共通教育センター川口尚毅助教 (専門:言語学/英語学; 担当科目: 英語科)が執筆した論文 “Unearthing the Multiple Roots of Participial Constructions” (「分詞構文の多重起源を掘り起こす」)が国内誌『近代英語研究』第40号に掲載されました。川口助教の今回の論文掲載は、国際誌English Linguistics第40号に続き、今年2回目です。

川口助教の今回の論文の独創性は、次のような点にあります。すなわち、英語教育の現場で耳にしない日がないほど卑近な構文「分詞構文」は、(i)ラテン語からの翻訳借用にまで遡及可能であること、(ii)過去の英語への翻訳借用を具現化させたメカニズムが複数あること、(iii) (ii)の意味で分詞構文には複数の起源―多重起源―があって、現代英語の分詞構文は、異なる複数の由来/借用動機を統合した存在である、ということです。

なお、川口助教による今回の論文タイトル“Unearthing the Multiple Roots of Participial Constructions”にも注目されてください。

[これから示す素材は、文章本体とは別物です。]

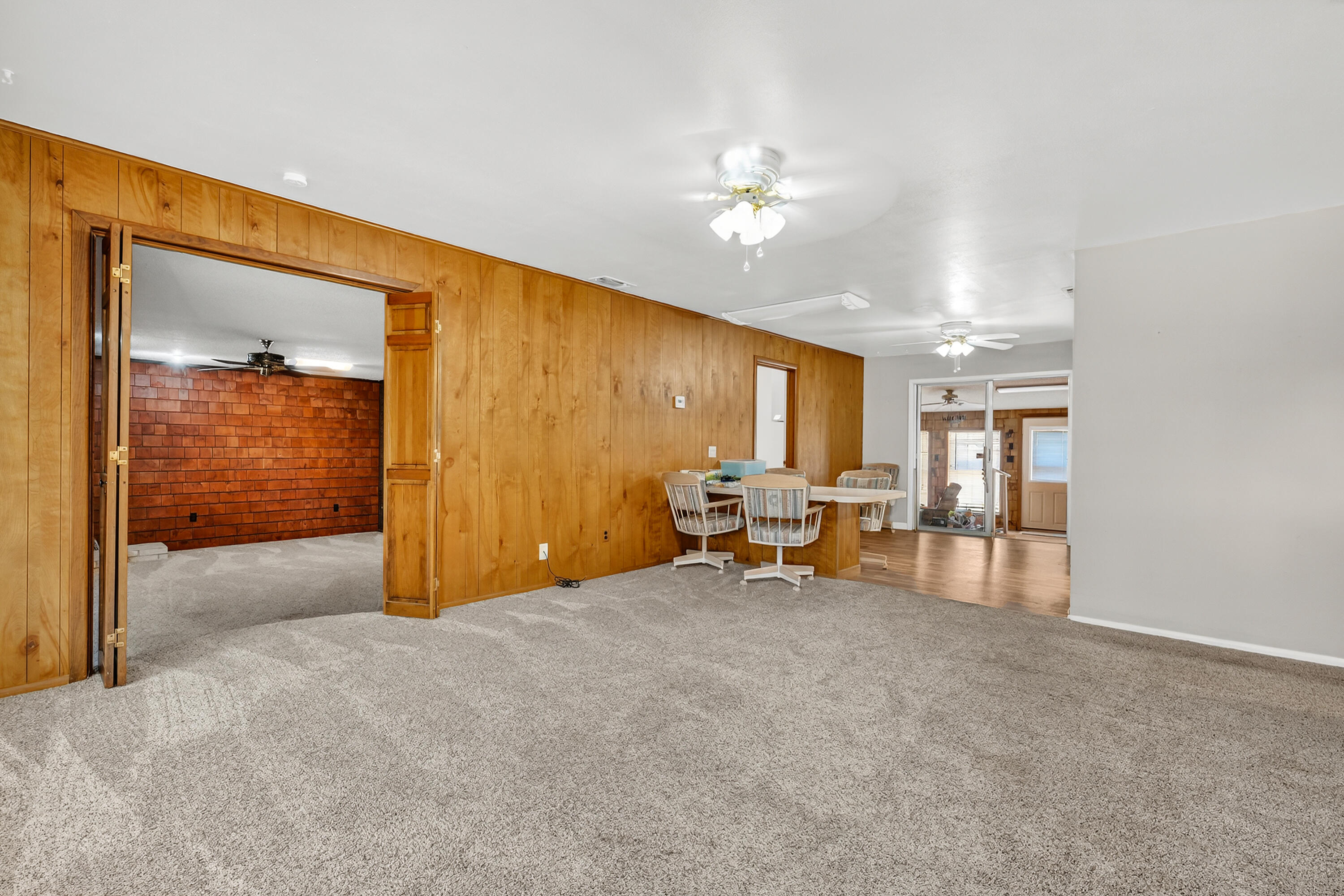 105 13th Street Seagraves, TX 79359 - Photo 6 of 25 DSC08183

実のところ、本タイトルは掛詞になっています。unearthには①‘発掘する事’と②事物を詳らかにする事の意とがあります。加えて、rootには①‘根’という意味と②出自/由来という意味とがあります。すなわち、川口助教の狙いとしては、現代英語の分詞構文の‘根’に当たる出自/由来を‘発掘したり’明らかにしたりする、というものがあります。

川口助教によると、現代英語をよりよく理解するためには、歴史的観点が不可欠であるとのことです。歴史的観点を取り入れることによって、現代英語に見られる問題解決に向けた新たな突破口が見つかってくる可能性もあります。いうなれば、現代英語を2次元的に―面的に―みるのではなく、いわば4次元的にみることになります。現代に見られる問題解決の糸口を、過去にも求めるというスタンスが大切であるとのことです。

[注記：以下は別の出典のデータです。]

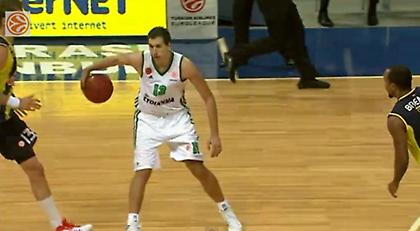 Ασίστ της χρονιάς από Διαμαντίδη (video)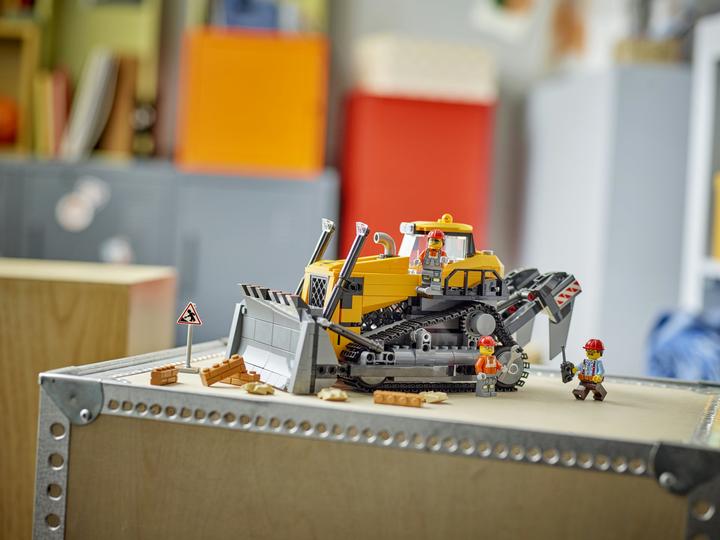 Actual product image LEGO Gelber Bulldozer mit Frontlader (60466)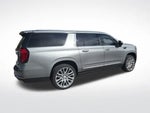 2025 Yukon XL Thumbnail 3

前回上梓された本記事冒頭の論文と今回の論文とを合わせる形で、分詞構文の全体像が一定程度明らかにしたことになります。前者では、現代英語の分詞構文を大木のイメージに例えました。そのうえで、現代英語の分詞構文を、その典型性の程度に応じて、(a)「幹」、(b)「枝」、(c)「小枝/末梢」に分類し、(a)から(c)へと文法が拡張してゆくという趣旨の主張を行いました。他方後者では、(a)から(c)に(d)「根」 (= 歴史的出自)を加えました。そうすることで、いわば大木のメタファーの完成をみました。

川口助教の過去の一連の研究は、本学教員紹介ページからも参照できます。川口助教は、分詞構文やその関連構文以外に、前置詞も研究しています。その研究を活かして、今後は、語彙の意味を多角的に研究してゆくことを目標としています。